▶ INFORMATION SUPPLIED:
[Start of section]

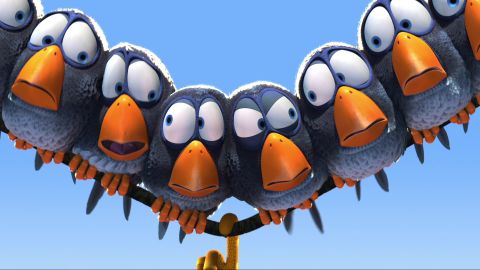 For the Birds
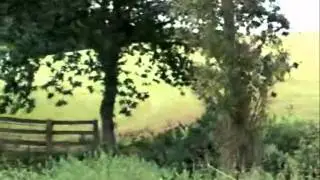 Lana Hughes & Blackjack - Summer 2010 'This is our time'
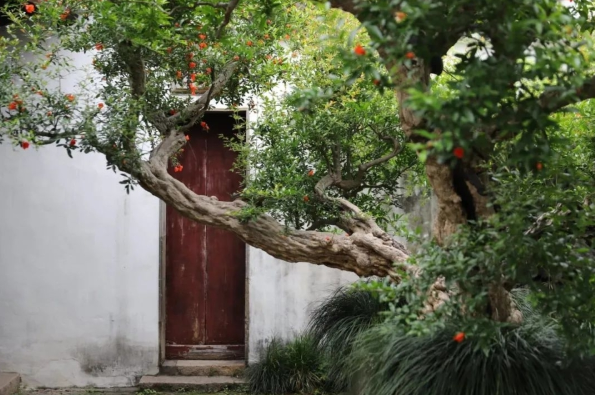 1718757451126040.png image.png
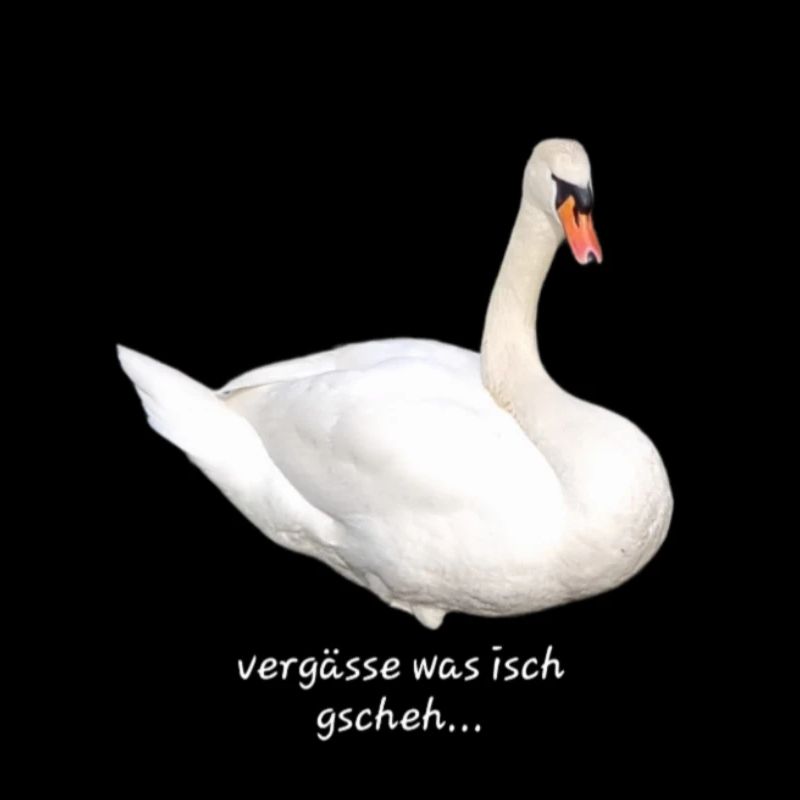 Vergässe was isch gscheh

[End of section]

▶ WHAT YOU ARE ASKED TO DO:
Every line above must be printed again exactly, pictures excluded.

▶ EXERCISE ANSWER:
 For the Birds
 Lana Hughes & Blackjack - Summer 2010 'This is our time'
 1718757451126040.png image.png
 Vergässe was isch gscheh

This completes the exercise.